Thus, this paper aims to compare the prediction capability of four ML models, namely, BN, DTable, RBFN, and SGD, in landslide susceptibility modeling along the DS railway. The paper also aims to determine the most effective model among the four models by using statistical indices and the receiver operating characteristic (ROC) curve. This study substantially contributes to the ongoing scientific debate on landslide susceptibility modeling and guides the prediction and early warning of landslide disasters along this vital corridor.

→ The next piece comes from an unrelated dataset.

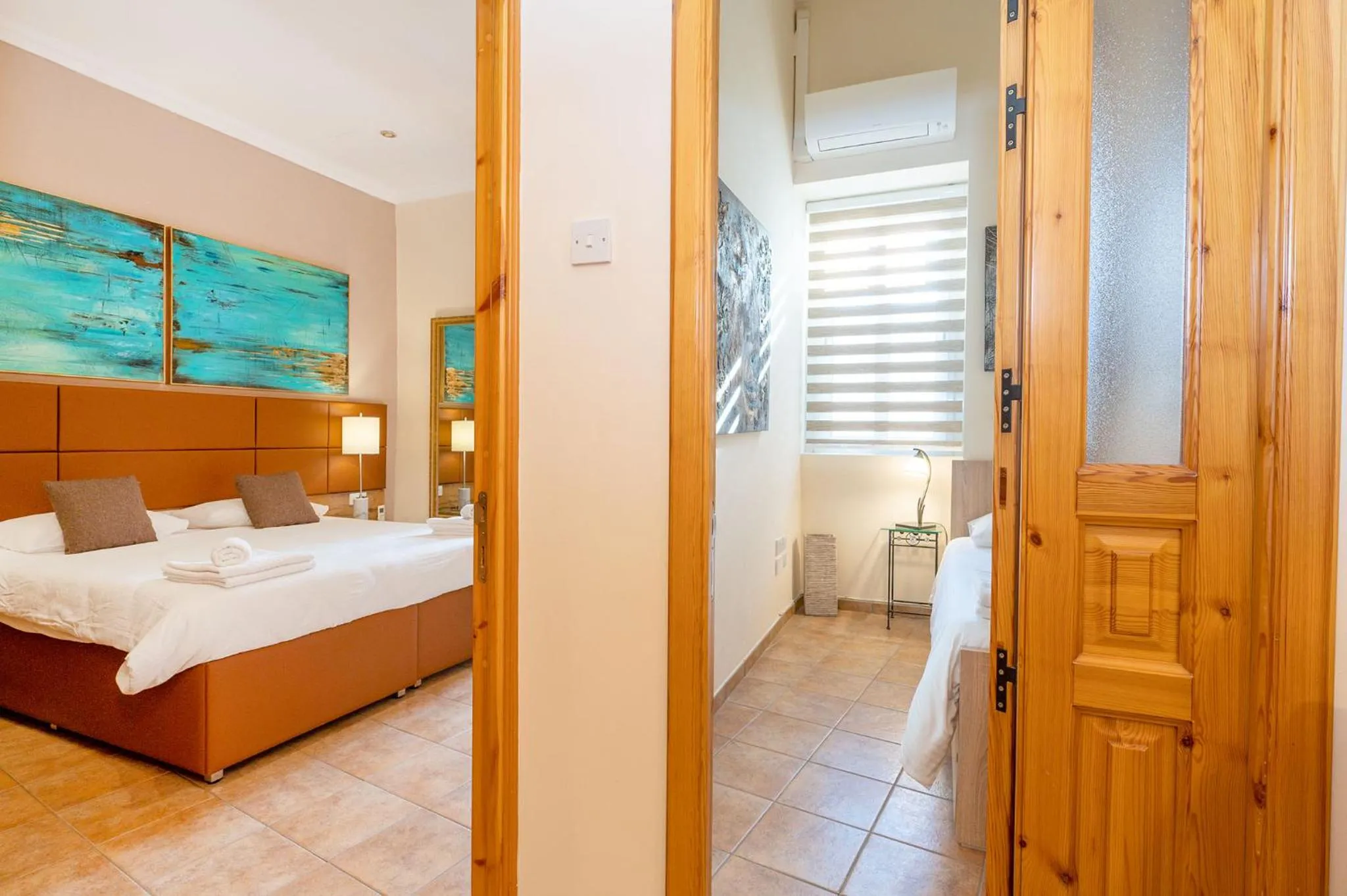 Bed in Valletta Apartments 19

2. Study Area and Materials

2.1. Study Area

The planned tourist DS railway is in western Sichuan Province, China (Figure 1a). The railway starts in Dujiangyan city, passes through the Longchi National Forest Park and the Wolong National Nature Reserve (a World Natural Heritage Giant Panda Habitat), and ends in the National Scenic Area of Siguniang Mountain, Xiaojin County (Figure 1b,c). The railway spans approximately 123 km, and the total study area is 1813.58 km². In terms of geomorphic units, the study area lies in the EMTP, which is the transition area from the Sichuan Basin with an altitude of 600~700 m to the Tibetan Plateau with an altitude of 3000~5600 m. The landform characteristics mainly consist of plains, hills, mountains, valleys, and ice margins. The tectonic position of the study area is the active suture zone of the Songpan-Ganze orogenic belt and Yangtze Plate [33]. The geological tectonic movement is active, and the overall structural trace is distributed in a northeast-southwest direction. The DS railway spans the Longmenshan fold-and-thrust belt, consisting of the Pengxian-Guanxian faults (PGF), Beichuan-Yingxiu faults (BYF), and Maoxian-Wenchuan faults (MWF), where the Ms 8.0 Wenchuan earthquake and Ms 7.0 Lushan earthquake occurred. Geologically, sedimentary rocks (e.g., sandstone and limestone) are exposed from Dujiangyan city to Yingxiu town. The volcanic rocks (e.g., diorite and granodiorite) crop out from Yingxiu to Gengda towns. The metamorphic rocks (phyllite, metamorphic sandstone, slate, altered basalt, and quartzite) are located from Gengda to Siguniang Mountain towns along the railway route. The rock strata mainly comprise Mesoproterozoic to Cenozoic strata, while Cambrian, Ordovician, Paleogene, and Neogene strata are absent in the study area [8]. Hydrologically, the main rivers in the area are the Minjiang River and its tributary Yuzi River, where the railway mainly runs along the Yuzi River. River incision into bedrock occurs at a rate of 1.81 mm/year [34]. From Dujiangyan to Yingxiu in the eastern part of the study area, the annual rainfall ranges from 920 mm to 1177 mm. From Gengda to Dengsheng, the average annual precipitation is 888 mm/year. At Siguniang Mountain, the annual rainfall ranges from 710 mm to 930 mm.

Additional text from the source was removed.